- _REQUIREMENT_
Omit all pictures. Print the remaining lines exactly, from the start of the data through the line containing "26.06.2026. Formula 1".

(DATA SECTION begins)

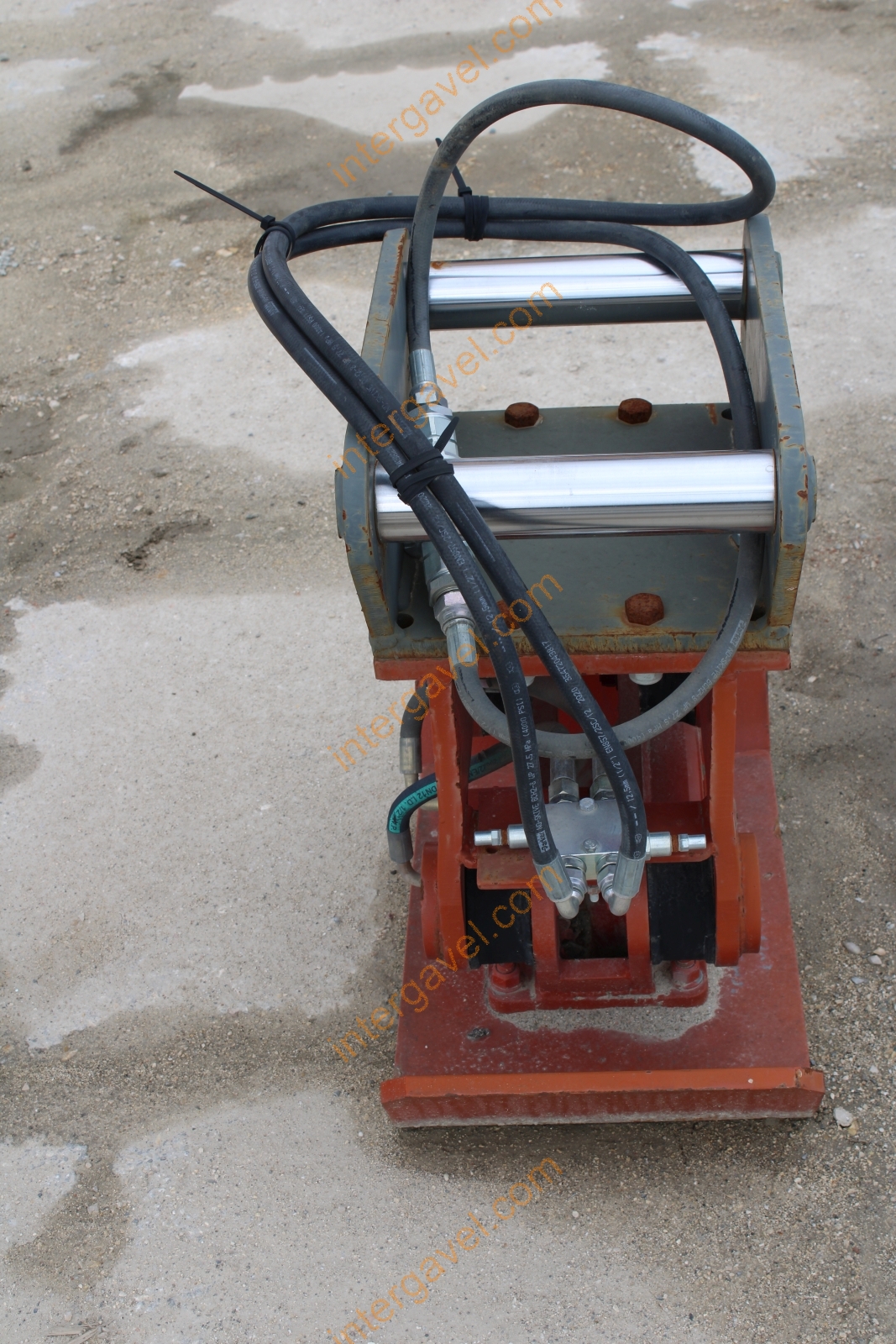 Lapvibrátor adapter kotróhoz 5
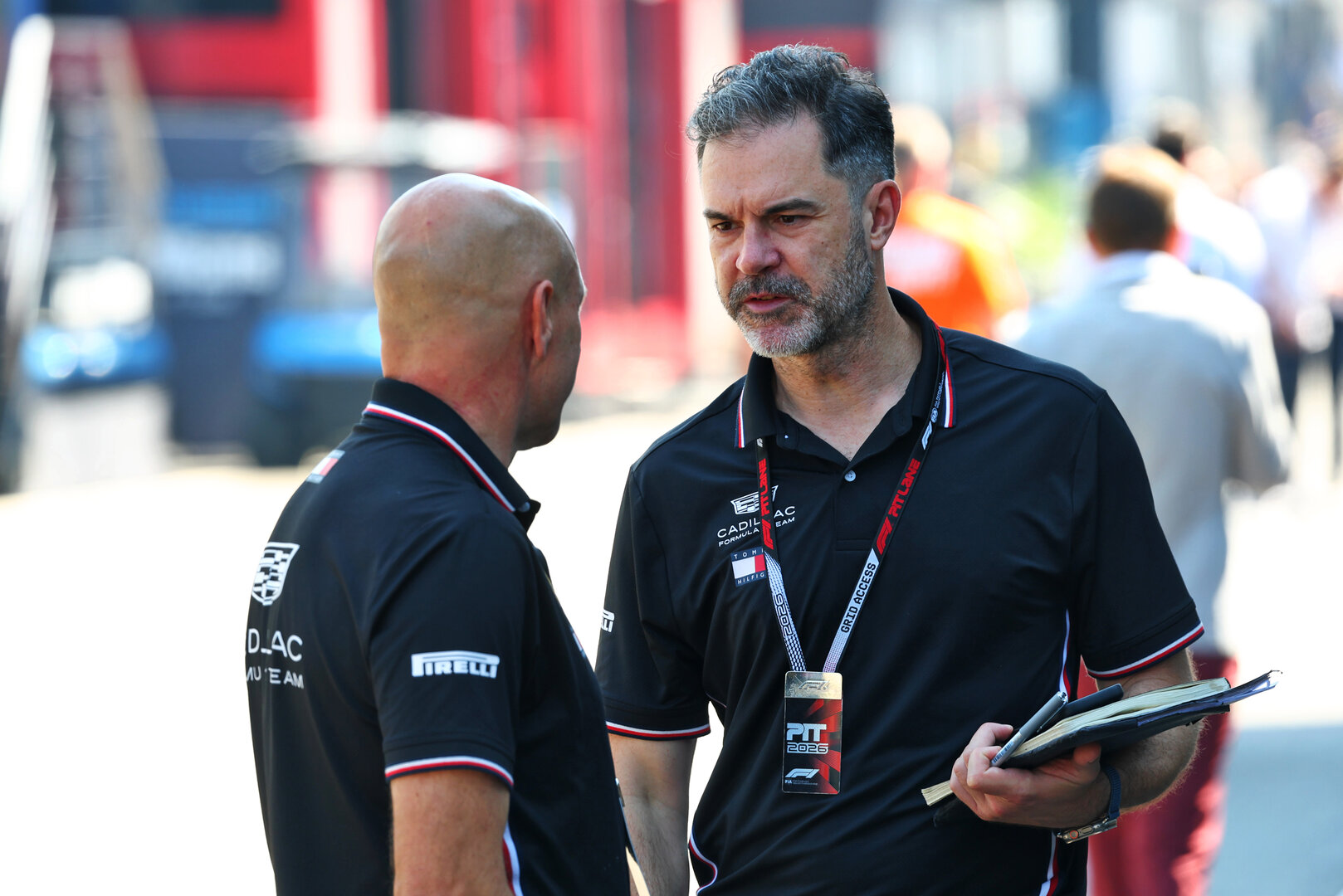 GP AUSTRIA, Marc Hynes (GBR) Cadillac Formula 1 Team Chief Racing Officer.
26.06.2026. Formula 1 World Championship, Rd 8, Austrian Grand Prix, Spielberg, Austria, Practice Day.
- www.xpbimages.com, EMail: requests@xpbimages.com © Copyright: Bearne / XPB Images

(DATA SECTION ends)

- _EXERCISE RESPONSE_
 Lapvibrátor adapter kotróhoz 5
 GP AUSTRIA, Marc Hynes (GBR) Cadillac Formula 1 Team Chief Racing Officer.
26.06.2026. Formula 1 World Championship, Rd 8, Austrian Grand Prix, Spielberg, Austria, Practice Day.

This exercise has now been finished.